2. **(Mask only) Sampling :** If a path to the masks is given, it will also for each mask get a random sample of values on the image associated with the mask where the mask define this is not background.
3. **Fingerpring computation :** We use the samples to compute the `mean`, `standard deviation`, `percentile 0.5%` and `percentile 99.5%`. Those value are used by the preprocessing.

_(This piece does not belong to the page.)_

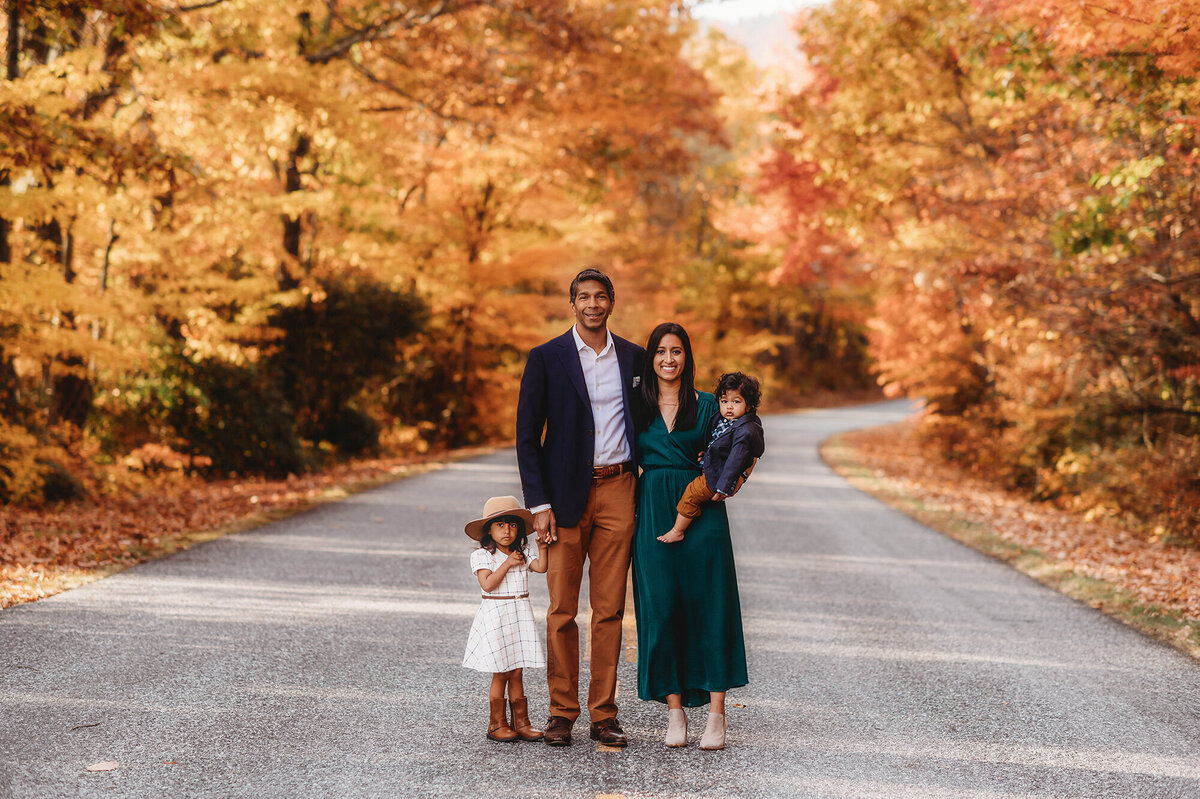 Family poses for portraits during Family Photoshoot on the Blue Ridge Parkway in Asheville, NC.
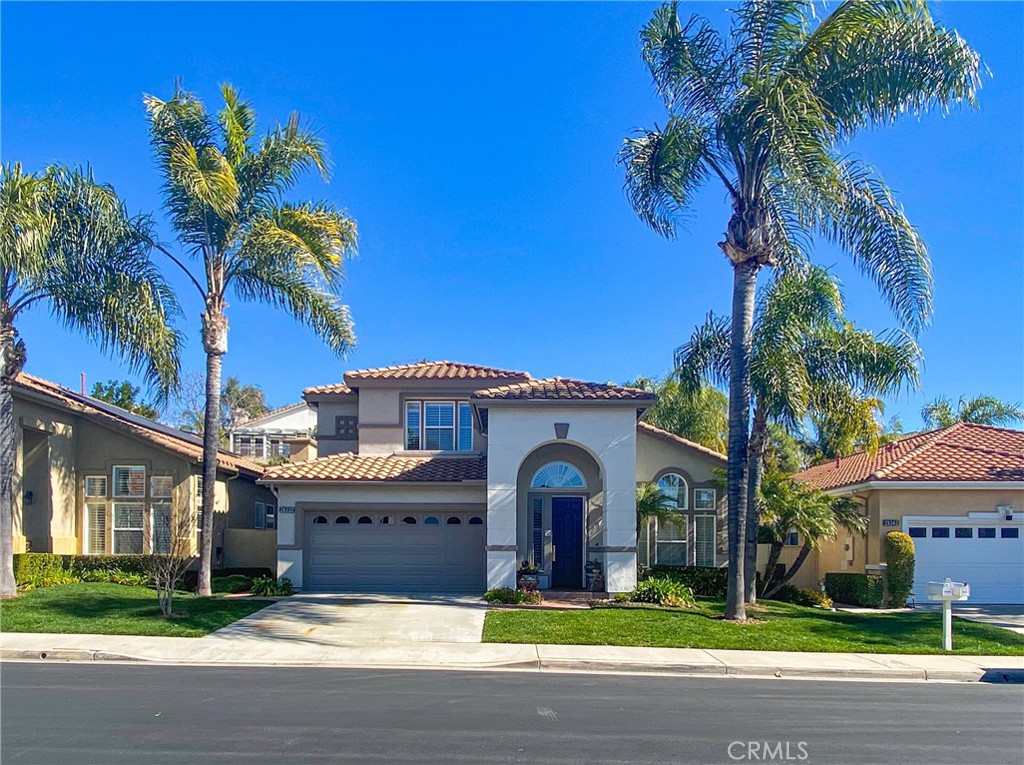 YOU HAVE FOUND YOUR TREASURE.....THE JEWEL OF PALMIA.  Enjoy living in the Prestigious "Heights" of Palmia, a highly sought after 55+ neighborhood located in Mission Viejo.  You will be taken in from the front yard with its majestic palms to the oversized private and entertaining backyard with the serene sound of the waterfall.  The front door opens to a new Wrought Iron Staircase, two-story ceilings to enjoy the natural lighting in this Spacious Open Floorplan offering Casual Living and Dining Room with Custom Shutters and Lighting.  Porcelain Wood Grain Tile thru-out. The Gourmet Kitchen is a Chef's Dream with its 9' Island, 8 gas burner stove, custom cabinets, under cabinet lighting, Quartz counters and Stainless Steel Appliances.  No expenses spared!  Cooking and Entertaining is made easy when overlooking the Family Room with a Customized Fireplace and Dry Bar overlooking the large entertaining backyard. Lower Level also provides the convenience of a Master Suite with direct access to backyard and a totally remodeled Master Bath including a New Vanity, Lighting, and walk-in Shower with bench seating and a heat lamp, dual shower heads and a walk-in closet with organizers.  Downstairs also offers a updated guest powder room and a inside laundry with upgraded cabinets.  The second floor with its luxury vinyl flooring thru-out including the staircase leads you to the large bonus room with custom built-in cabinets with drawers currently used as an office and sitting room.  Upgraded Bathroom with new vanity offering dual sinks, quartz counters, a mirror and lighting with glass enclosure tub/shower.  Two secondary bedrooms, One with a walk-in closet and the other a spacious guest bedroom with a balcony overlooking the entertaining backyard with a vegetable garden area and more. This 55+ Community boasts the best with NO MELLO/ROOS and its many amenities for residents and guest including Clubhouse, 18 hole putting green, billiards, tennis and sport courts, fitness room, poker room, library, classes and events thru-out the year.  Front yard landscaping and basic cox cable included in HOA dues.  Enjoy membership to Lake Mission Viejo, events, fishing and summer concerts and the  convenient location to dining, shopping, toll roads and freeways will all add to your enjoyment. You will feel like you are at a Palm Desert Resort without the heat as you enter our gated Prestigious Community "PALMIA" located in North Mission Viejo.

You can retrieve those information in the `config.yaml` file of your model :
```yaml
MEDIAN_SPACING: &id004 [] <- Empty because dataset didn't have metadata
CLIPPING_BOUNDS: &id005 
- 0.0041880556382238865 <- Percentile 0.5%
- 0.9984244108200073 <- Percentile 99.5%
INTENSITY_MOMENTS: &id006
- 0.4780538082122803 <- Mean
- 0.2981347143650055 <- Standard deviation
```

## Image splitting
In case you are working with a dataset of only one image, this image will be split in two for training purpose (not in the predictions). We slice the image on the biggest dimension with a ratio of 25% validation and 75% training. 

## Folds
The preprocessing generate a file named `folds.csv`. For example (we added spaces for lisibility ):
```
filename,     hold_out,  fold
img/img1.tif, 0,         0
img/img2.tif, 0,         0
img/img3.tif, 0,         1
img/img4.tif, 0,         1
img/img5.tif, 0,         2
img/img6.tif, 0,         2
img/img7.tif, 1,         0
img/img8.tif, 1,         1
```
Let's break it down :
- Filename is the image path (relative to where you starded the command from). Every images of your dataset are represented in this file.
- Hold_out can have 2 values : `0` and `1`. The value `1` means that this image will only be used at the end of the training to evaluate model performance, `0` means that it can be use anywhere.
- Fold : A fold is a subset of your dataset. During training, we use different groups of folds validation to mix the data and avoid overtraining. We can use folds 1 and 2 for a first validation and 0 and 1 for another.

This file is not necessary for training (fold are computed if needed), but it better to use one for reproductibility sake.